# taz.de -- Influencer auf Reisen: Unterwegs zu „unentdeckten“ Orten
       
       > Unsere Kolumnistin hält nicht viel von Influencer-Bashing. Aber wenn
       > diese ohne Wissen über Europas ärmste Länder urteilen, reicht es.
       
 (IMG) Bild: Idyllische Landschaft zwischen Sarajewo und Mostar in Bosnien Herzegowina
       
       Ich muss zugeben, dass mir Menschen schon lange suspekt waren, die sich
       über „zu touristische“ Orte beschwert haben und unbedingt „unentdeckte“
       Orte erkunden wollten – die haben mir schon damals Christoph-Kolumbus-Vibes
       gegeben. Meist sind es Menschen aus wohlhabendem Elternhaus, die mit ihrer
       Familie schon die halbe Welt gesehen haben und jetzt gelangweilt sind.

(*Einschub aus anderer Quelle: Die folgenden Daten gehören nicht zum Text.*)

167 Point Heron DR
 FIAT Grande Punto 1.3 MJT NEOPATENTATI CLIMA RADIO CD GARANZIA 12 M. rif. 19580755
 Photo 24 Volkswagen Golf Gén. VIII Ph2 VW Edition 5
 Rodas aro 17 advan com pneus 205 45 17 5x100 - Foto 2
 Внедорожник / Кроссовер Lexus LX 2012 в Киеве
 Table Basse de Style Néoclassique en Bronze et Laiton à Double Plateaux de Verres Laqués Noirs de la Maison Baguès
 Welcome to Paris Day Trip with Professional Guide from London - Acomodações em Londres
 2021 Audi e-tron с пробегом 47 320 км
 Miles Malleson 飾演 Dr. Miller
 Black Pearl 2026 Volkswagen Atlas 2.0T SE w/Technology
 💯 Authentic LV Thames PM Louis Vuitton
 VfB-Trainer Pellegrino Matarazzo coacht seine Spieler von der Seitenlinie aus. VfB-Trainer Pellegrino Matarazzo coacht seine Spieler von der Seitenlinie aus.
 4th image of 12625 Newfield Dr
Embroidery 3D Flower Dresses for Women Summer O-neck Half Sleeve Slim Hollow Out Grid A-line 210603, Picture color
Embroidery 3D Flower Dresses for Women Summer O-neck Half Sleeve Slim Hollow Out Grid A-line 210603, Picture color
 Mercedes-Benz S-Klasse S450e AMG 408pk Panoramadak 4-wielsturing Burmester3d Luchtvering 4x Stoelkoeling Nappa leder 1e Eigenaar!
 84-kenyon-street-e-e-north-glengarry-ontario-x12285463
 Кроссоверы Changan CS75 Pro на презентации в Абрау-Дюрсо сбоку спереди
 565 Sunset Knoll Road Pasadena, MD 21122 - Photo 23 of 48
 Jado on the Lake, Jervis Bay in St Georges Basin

       Antalya, wo die Mittelschicht urlaubt, kommt nicht infrage, also müssen sie
       eben auf eigene Faust die Welt entdecken. Dabei haben sie sich natürlich
       nicht gefragt, ob die Leute in den abgelegenen Orten von ihnen „entdeckt“
       werden wollen.
       
       In den letzten Jahren ist Südeuropa im Kommen, dort muss man als
       umweltbewusste Person nicht einmal hinfliegen, sondern kommt mit dem Auto
       [1][oder ausgebauten Van hin], so spart man sich sogar Übernachtungskosten
       vor Ort.
       
       Die Schauspielerin („Berlin Tag und Nacht“) und Influencerin (1,4 Millionen
       Follower*innen auf Instagram, 81,3K auf TikTok) Yvonne Pferrer war von
       den Malediven bis Island schon überall. Gemeinsam mit ihrem Freund, dem
       Künstler und Influencer Jeremy Grube reist sie aktuell im Van durch
       Südosteuropa. Gestartet haben sie ihre Reise [2][in meinem Heimatland
       Bosnien und Herzegowina].
       
       Yvonne und Jerry sind nicht so begeistert von Bosnien. Sie sind zwar nur
       durchgefahren und haben sich nicht mit der Geschichte befasst, weshalb sie
       serbische Flaggen für russische hielten und das Land schnell verließen,
       weil – ich zitiere – „es kriegsbedingt wohl am aufbrodeln ist“. In den paar
       Stunden, die sie in Bosnien verbracht haben, hatten sie aber Zeit für ein
       Fazit: die Städte (welche? Sie haben nicht gezeigt, dass sie in welchen
       waren) seien nicht besonders schön und überall liege Müll. Ich selbst hätte
       nach diesem Video keine Lust nach Bosnien zu reisen, obwohl ich dort
       geboren bin und weiß, wie schön das Land wirklich ist.
       
       ## Reisen ohne sich zu informieren
       
       Für die beiden geht es weiter nach Serbien, wo sie wieder Müll und die
       Tierhaltung stört. Weil sie kein Bargeld haben, bleiben sie mit ihrem Van
       gratis bei einem Mann stehen, der sie auf Essen und Trinken einlädt. Sie
       verdienen mit ihrem Content vermutlich deutlich mehr als der serbische
       Mann, schließlich gehört das Land zu einem der ärmsten Europas. Zumindest
       haben Yvonne und Jerry eine gute Erfahrung gemacht, wenn sonst sogar die
       Natur enttäuscht: „Auf die Landschaft waren wir nicht vorbereitet. Wir
       haben Mai und die Bäume haben noch keine Blätter.“
       
       Ich bin kein Fan von Influencer-Bashing, aber nachdem sie die kritischen
       Kommentare unter ihren Videos nicht ernst nehmen, sondern ähnlich
       weitermachen, kann ich nicht anders. Sie reisen durch die ärmsten Länder
       Europas, haben sich vorab nicht informiert, weil sie sich „eigene Eindrücke
       machen wollen“, urteilen stark und verbreiten damit mehr Müll, als sie in
       den Ländern am Straßenrand gesehen haben.